───── EXERCISE DATA

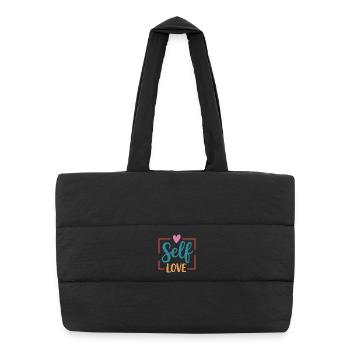 Self Love - Puffer Shopping Bag - black - Front
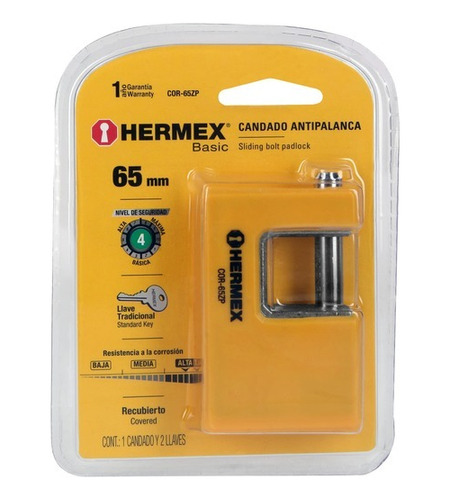 Candado Hermex Cor-65zp Con Llave 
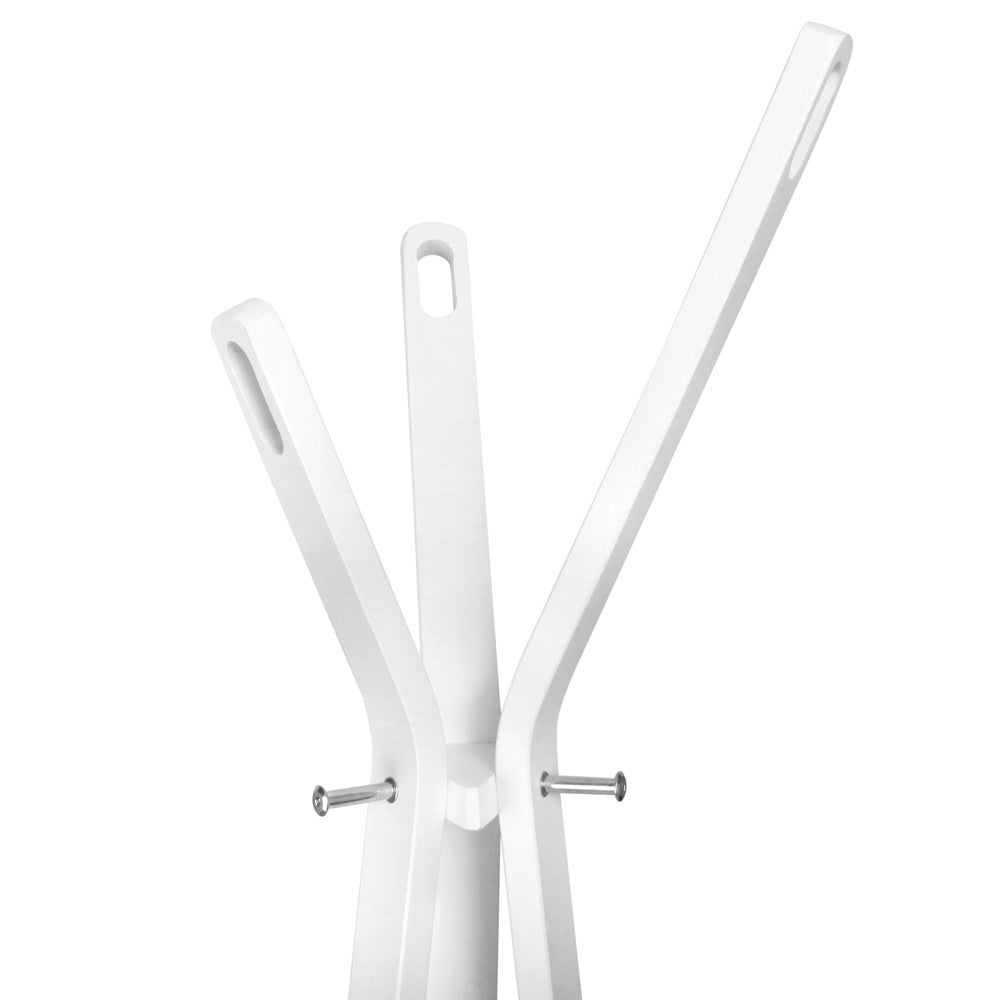 Wooden Coat Rack Clothes Stand Hanger White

──────────

▸ EXERCISE OBJECTIVE
In your copy, leave out the pictures and reproduce the material above exactly.

▸ WRITTEN RESPONSE
 Self Love - Puffer Shopping Bag - black - Front
 Candado Hermex Cor-65zp Con Llave 
 Wooden Coat Rack Clothes Stand Hanger White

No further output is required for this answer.